Required work: Only the stretch of the listing below that runs from the line with "Pronájem bytu 2+1, České" through the line with "Amasra'da maden kazası: 2" is to be printed, exactly and with both ends.

Top of Data provided

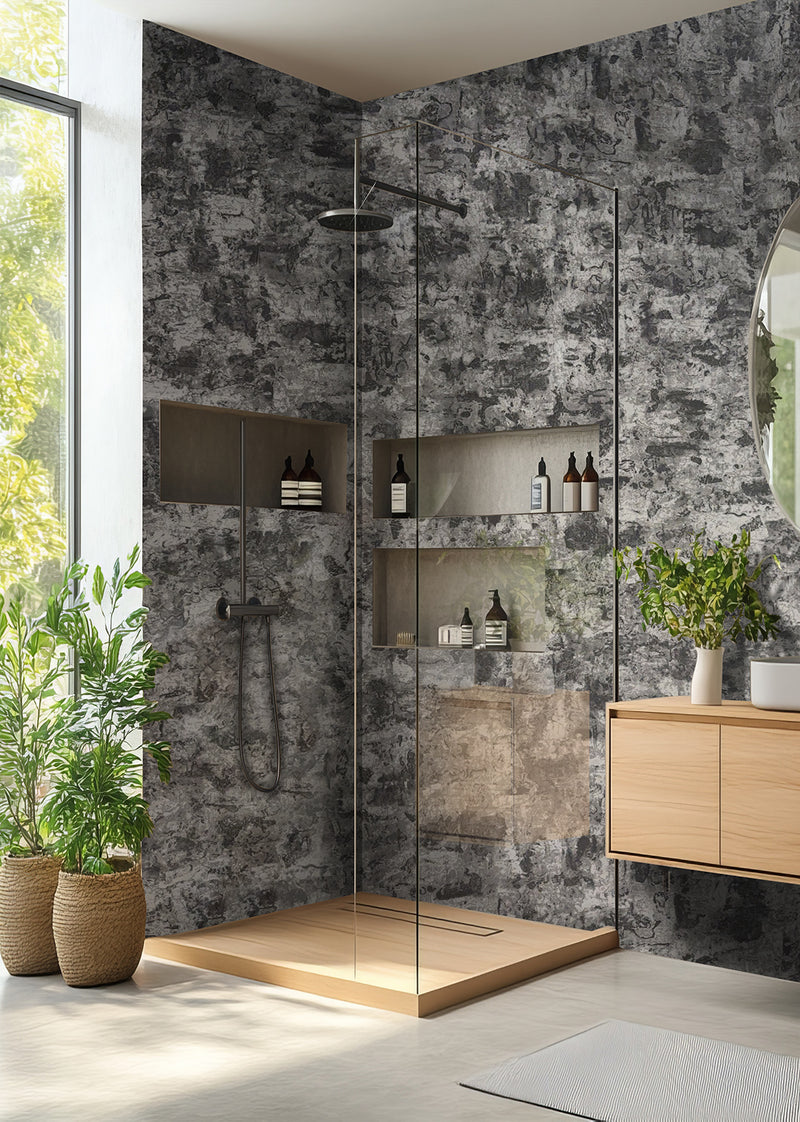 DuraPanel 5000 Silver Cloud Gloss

Bottom of Data provided
Top of Data provided

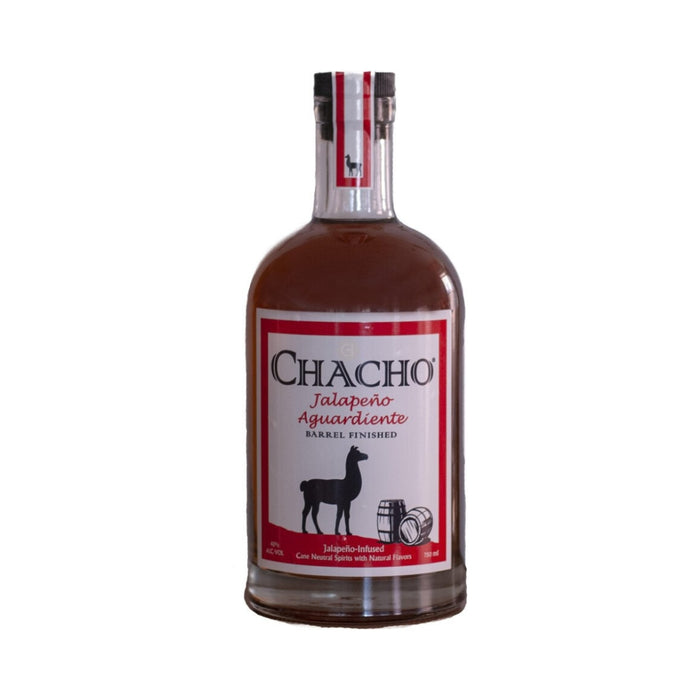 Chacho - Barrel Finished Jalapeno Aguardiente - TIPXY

Bottom of Data provided
Top of Data provided

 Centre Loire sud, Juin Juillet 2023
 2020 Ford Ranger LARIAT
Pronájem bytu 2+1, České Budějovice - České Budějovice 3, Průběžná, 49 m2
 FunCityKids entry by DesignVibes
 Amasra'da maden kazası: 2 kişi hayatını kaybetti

Bottom of Data provided

Response box:
Pronájem bytu 2+1, České Budějovice - České Budějovice 3, Průběžná, 49 m2
 FunCityKids entry by DesignVibes
 Amasra'da maden kazası: 2 kişi hayatını kaybetti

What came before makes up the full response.